- _EXERCISE MATERIAL_:
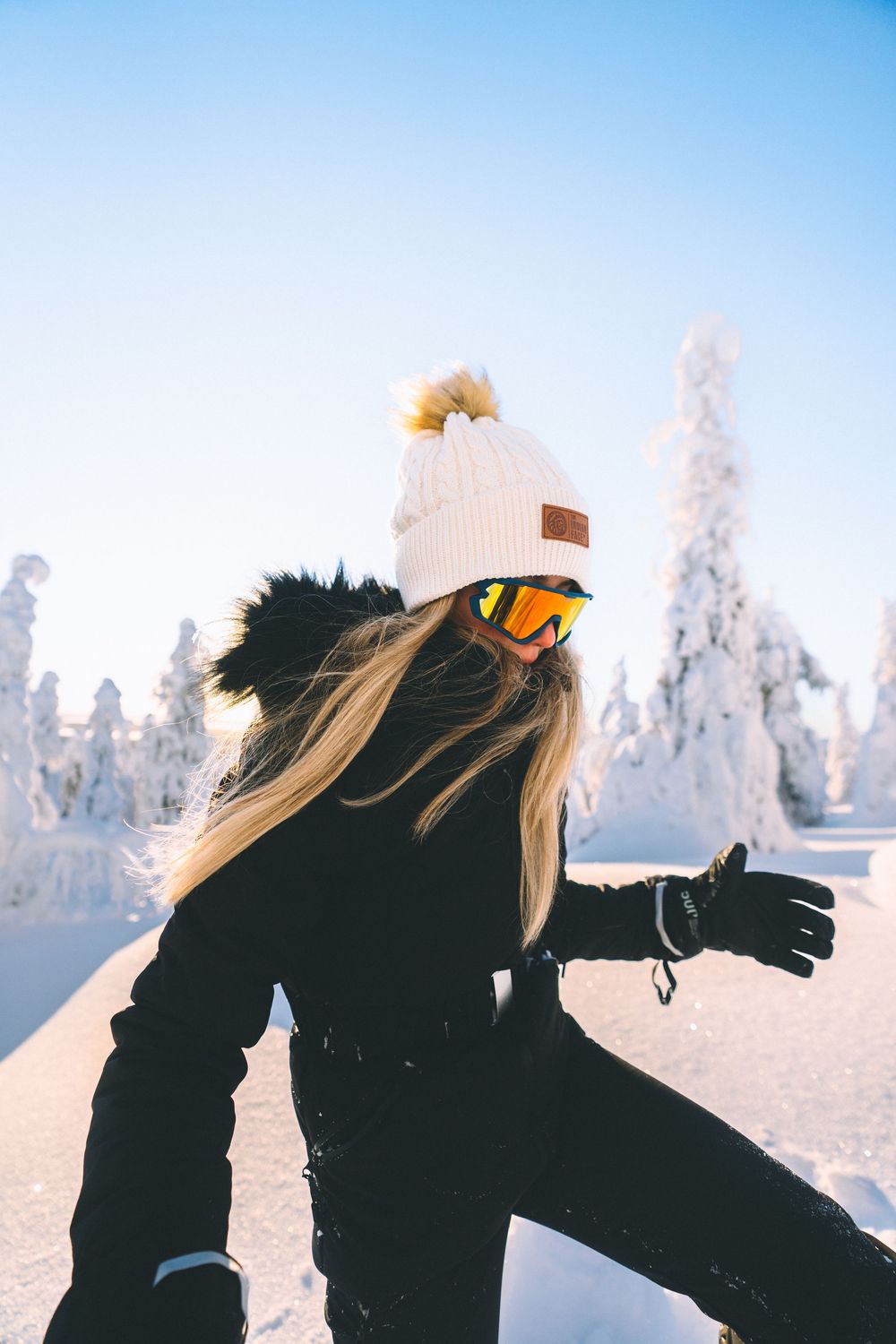 Person in black winter clothing and beanie throws snow into the air against a snowy winter landscape at sunset.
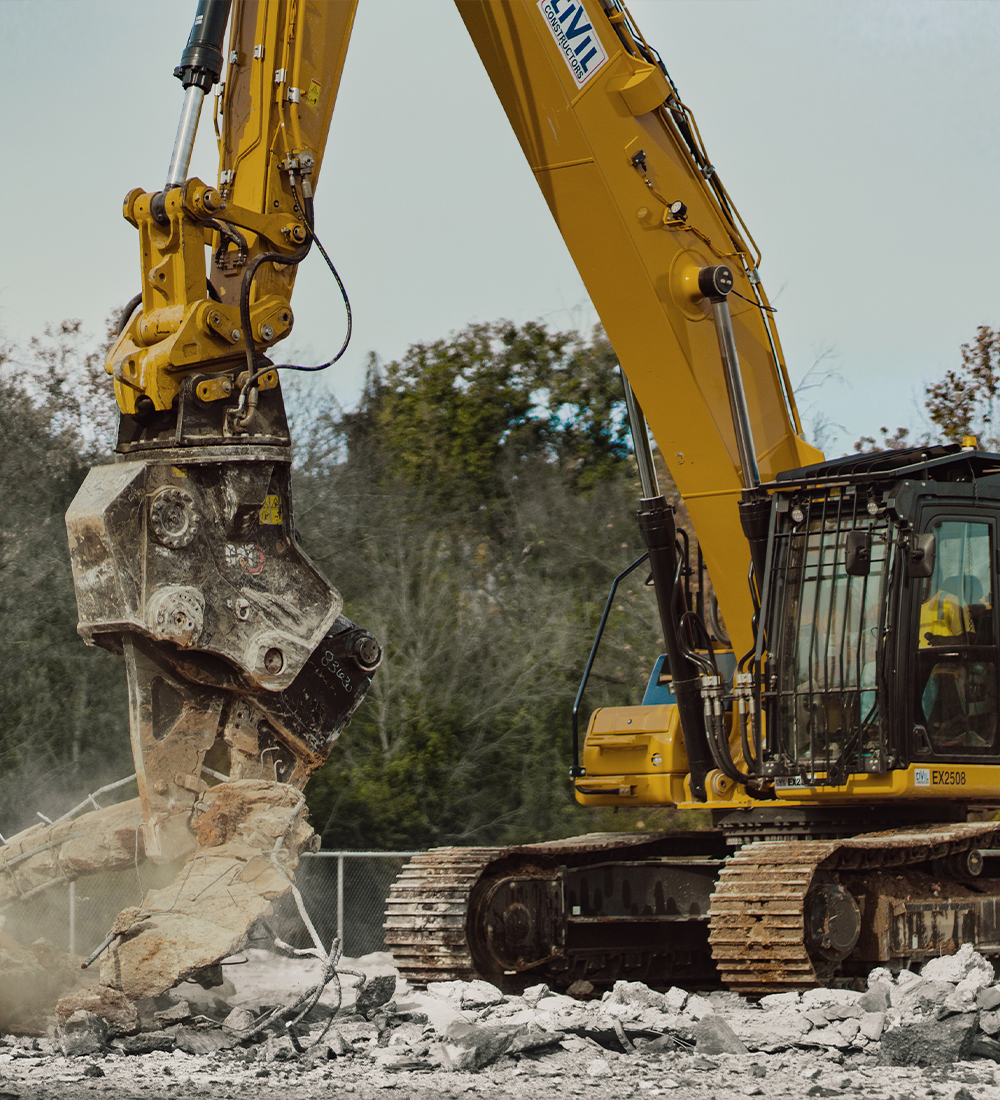 Yellow excavator breaking concrete with hydraulic attachment.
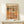 Vintage geometric border pattern poster with ancient Egyptian ornament details in cream, gold, green, and red tones, Art Deco style.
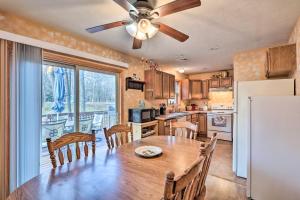 a kitchen with a wooden table and a refrigerator at Walk to Pool and Lake Albrightsville Vacation Home! in Albrightsville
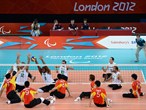 Brazil attempt a block during the men's Sitting Volleyball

- _INSTRUCTIONS FOR THE TASK_: From the line containing "Vintage geometric border" through the final line of the listing above, reproduce every line exactly, with no pictures.

- _EXPECTED ANSWER_:
 Vintage geometric border pattern poster with ancient Egyptian ornament details in cream, gold, green, and red tones, Art Deco style.
 a kitchen with a wooden table and a refrigerator at Walk to Pool and Lake Albrightsville Vacation Home! in Albrightsville
 Brazil attempt a block during the men's Sitting Volleyball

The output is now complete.